Wie lange soll die Grundschule in Hamburg denn nun dauern - vier oder sechs Jahre? Die Leute in Hamburg stimmen nach den Ferien darüber ab.

Wenn die großen Ferien vorbei sind, kommen manche Schüler auf eine andere Schule. Sie haben dann zum Beispiel die Grundschule abgeschlossen und wechseln auf eine weiterführende Schule.

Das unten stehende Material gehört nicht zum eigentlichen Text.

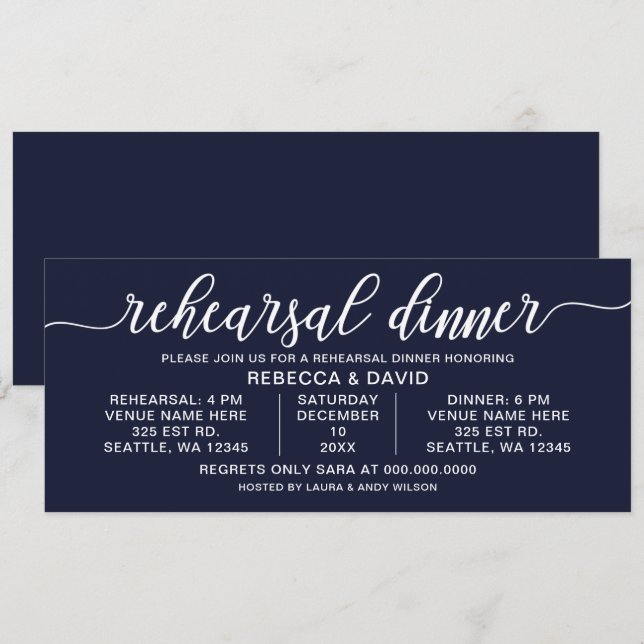Invitación Ensayo de caligrafía blanca y naval (Anverso / Reverso)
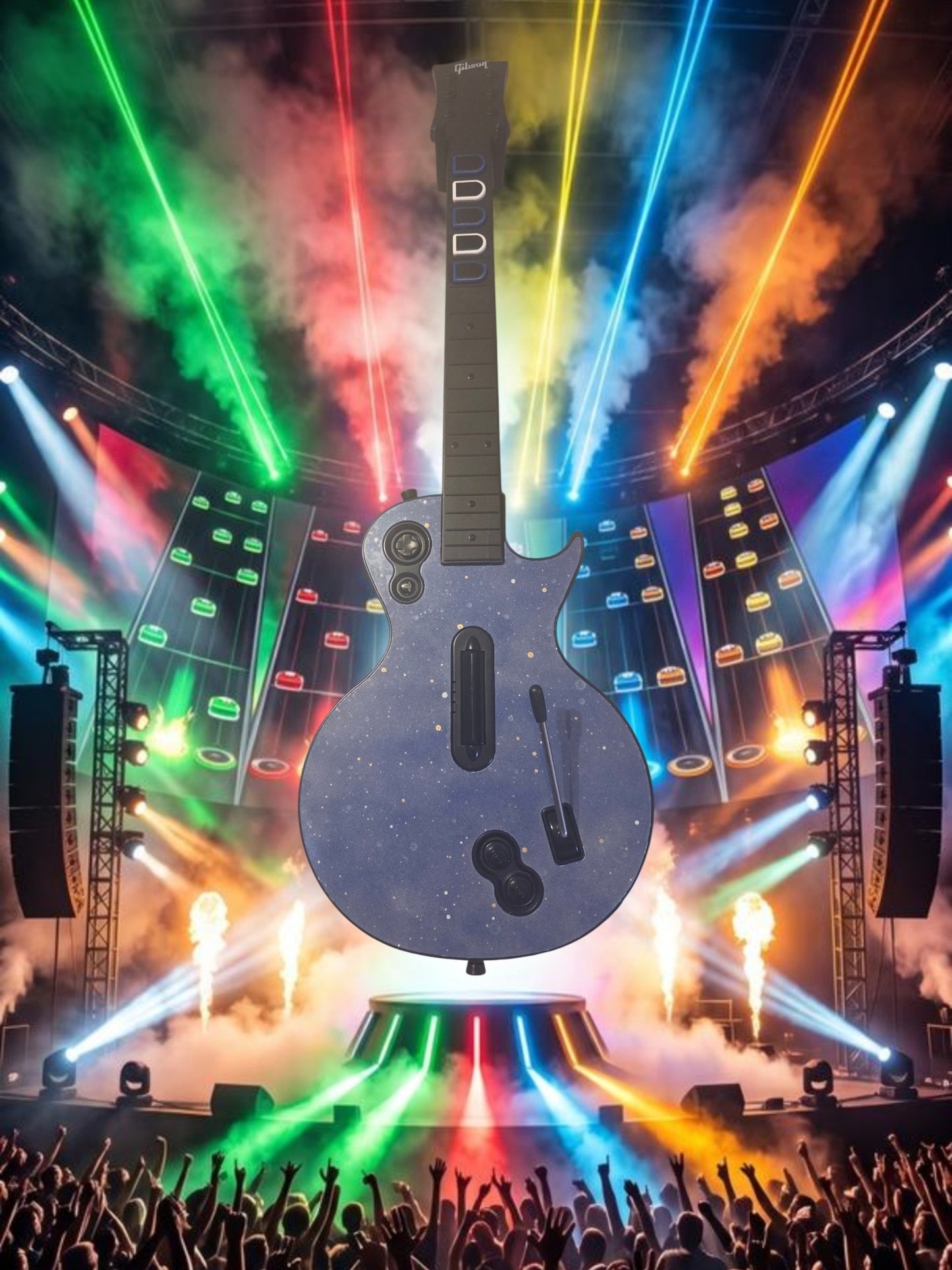 Custom Clone Hero LP with "Ajax Blue" Painted Faceplate, Dual Color Frets, 1000hz Poll Rate, Mech Switches (Copy) (Copy)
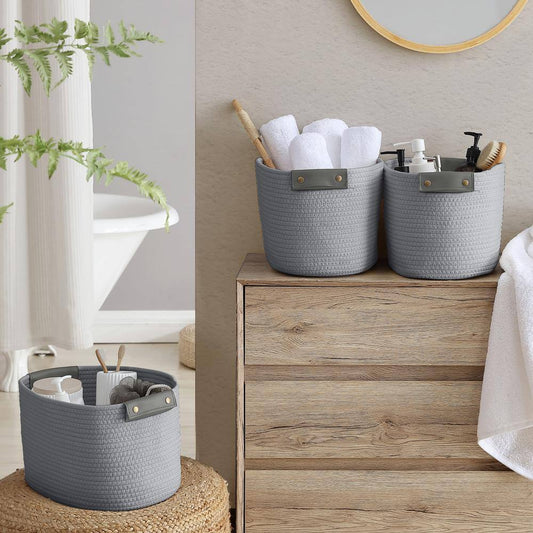 Cotton Gray Fabric Rope Storage Baskets (3-Pack) - Versatile Storage Solution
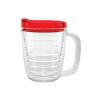 12 Oz. Tritan Coffee Mug With Lid - Clear with Red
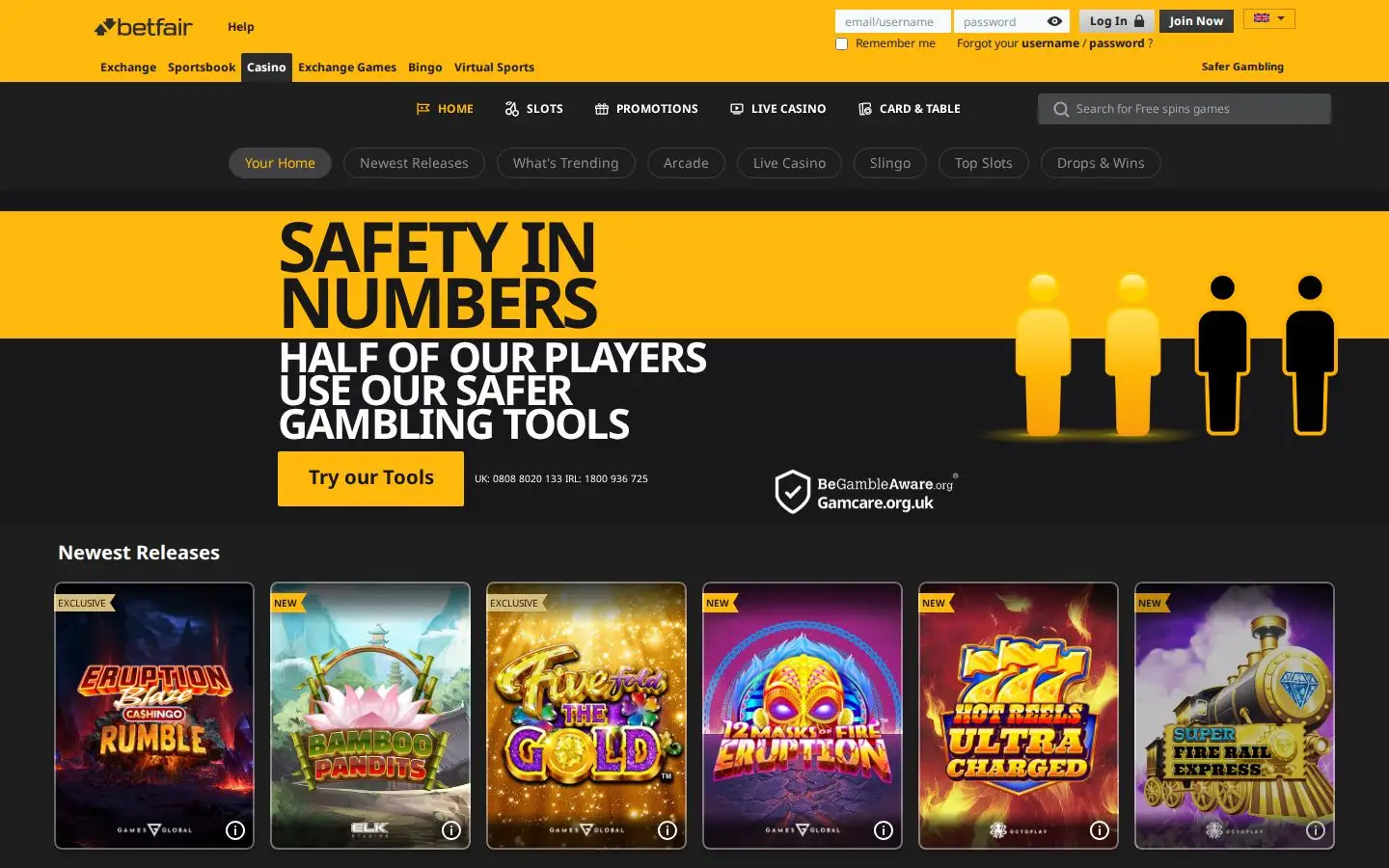 Betfair Casino homepage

Oft haben sie dann vier Jahre mit ihren Mitschülern in einer Klasse gehockt. So lange geht die Grundschulzeit zum Beispiel in Hamburg. Doch das könnte sich bald ändern ...

Politiker in der Stadt im Norden wollen nämlich eine Primarschule einführen. Das bedeutet: Die Schüler sollen dann ab der Einschulung sechs Jahre gemeinsam lernen. Erst danach wechseln sie auf ein Gymnasium oder eine Stadtteilschule. Für die Stadtteilschulen werden Hauptschulen, Realschulen und Gesamtschulen zusammengelegt. Die Politiker wollen, dass die Schüler später voneinander getrennt werden.

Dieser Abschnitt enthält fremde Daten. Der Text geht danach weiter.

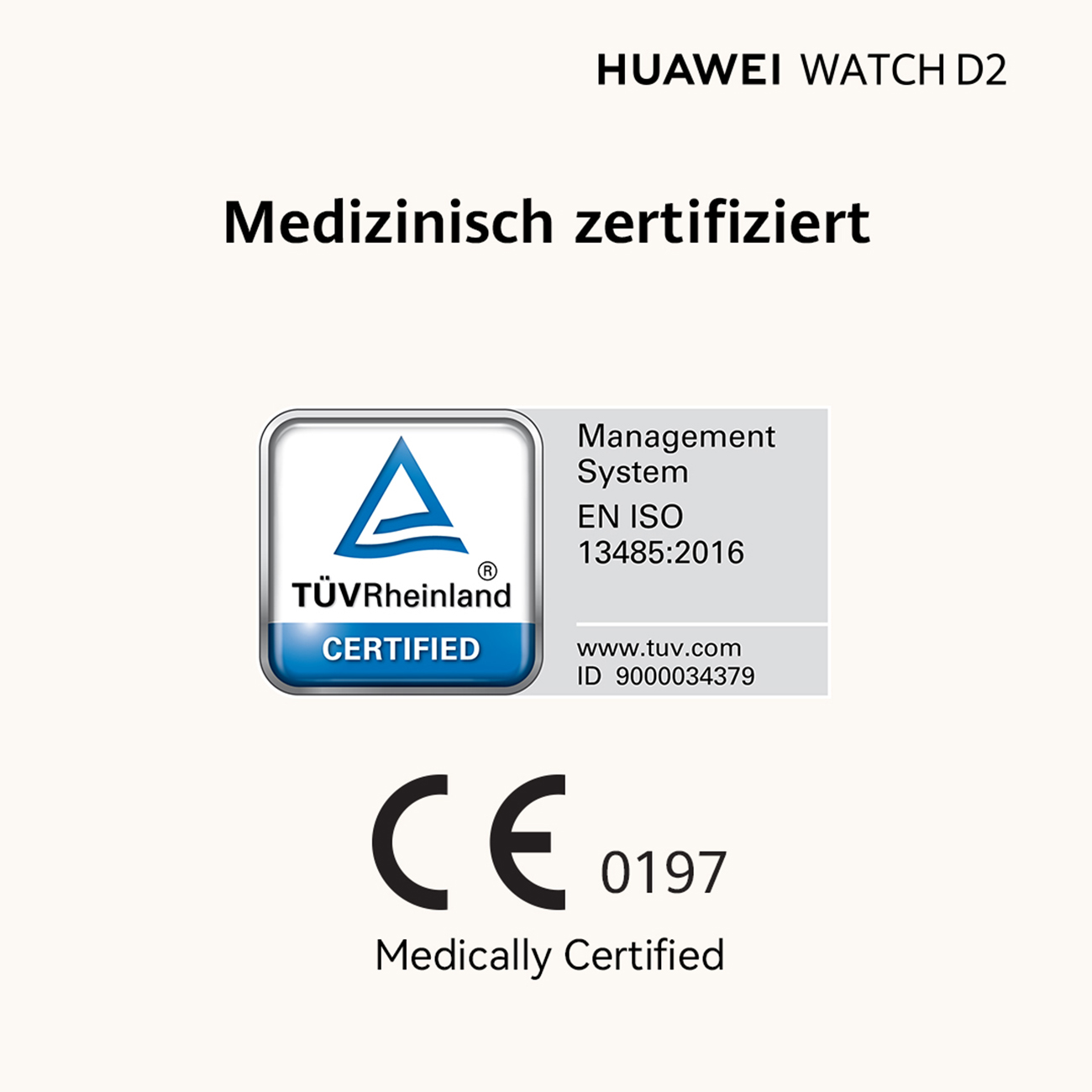 HUAWEI WATCH D2, medizinisch zertifiziert mit TÜV Rheinland Siegel.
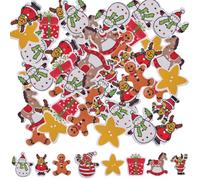 GORGECRAFT 100 pièce 8 Styles de Boutons en Bois de Noël Bouton Artisanal Père Noël Bonhomme de Neige Cadeau Étoile Bonhomme en Pain D'Épices Bouton Cheval Tricot pour Bricolage Art Couture Projet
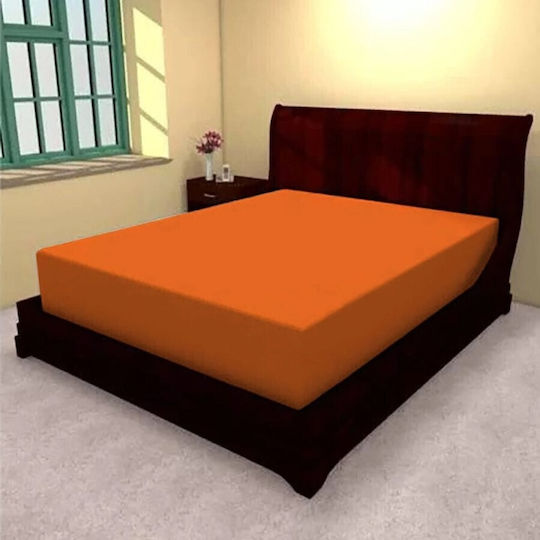Pucioasa Cearceafuri De Pat Single 100x200+25cm Cu Hugger Din Cauciuc Portocaliu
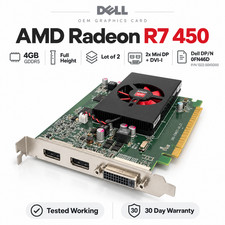 Lot of 2 Dell AMD Radeon R7 450 4GB GDDR5 Full Height GPU 2x Mini DP DVI 0FN46D picture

Doch viele Bürger sind von der Idee nicht begeistert. Sie wollen, dass die Grundschule weiter über vier Jahre geht. Einige haben sich zu einer Gruppe zusammengeschlossen. Sie legten sich mächtig dafür ins Zeug, dass die Politiker die Regeln nicht ändern.

An diesem Sonntag soll nun eine Entscheidung fallen: Mehr als eine Million Erwachsene in Hamburg dürfen darüber abstimmen. Sie entscheiden, ob die sechsjährige Primarschule eingeführt wird oder nicht. Diese Abstimmung nennt man Volksentscheid. Viele rechnen damit, dass es ein Kopf-an-Kopf-Rennen wird.

Einige Schüler in Deutschland gehen bereits auf eine sechsjährige Grundschule. Das Schulwesen bei uns ist nämlich ziemlich kompliziert. Die Bundesländer dürfen selbst darüber bestimmen, wie es bei ihnen abläuft. Deswegen gibt es in vielen Bundesländern unterschiedliche Regeln und unterschiedliche Schulformen.

Mehrheit der Leute bestimmt, was abgeht

Volksentscheid. Das Wort fällt manchmal, wenn Erwachsene über etwas Wichtiges abstimmen. Der Begriff verrät schon, was dahinter steckt: Das Volk, die Menschen, dürfen direkt über eine Sache mitentscheiden.

Das ist nur manchmal der Fall. Meist sind es die Politiker, die Regeln und Gesetze beschließen. Dafür wurden sie vorher vom Volk gewählt. Oft dürfen die Leute selbst mitbestimmen, wenn es um kleinere Dinge geht: um Politik in Städten, Landkreisen oder Bundesländern. Etwa, wenn es neue Regeln für die Schulen geben soll. Am Sonntag stimmen zum Beispiel im Bundesland Hamburg Erwachsene über einen neuen Grundschul-Typ ab.

Das Mitbestimmen läuft in den Bundesländern meist unterschiedlich ab. Den Volksentscheid gibt es längst nicht überall. Er ist wie eine Wahl: Die Leute können per Brief oder in einem Wahllokal ihre Stimme abgeben - für oder gegen eine bestimmte Sache. Die Politiker sollen sich dann daran halten, was die Mehrheit will.

Für den Volksentscheid gibt es Regeln: Zum Beispiel gilt er nur, wenn ein bestimmter Teil der Wähler mindestens mitmacht. Zudem dauert es oft länger, bevor es überhaupt so weit ist. Denn wer eine Sache durchsetzen will, muss erst einmal viele andere Leute finden, die auch dafür sind und das auch unterschreiben. Nur wenn eine bestimmte Menge Unterschriften zusammenkommt, kann es weitergehen.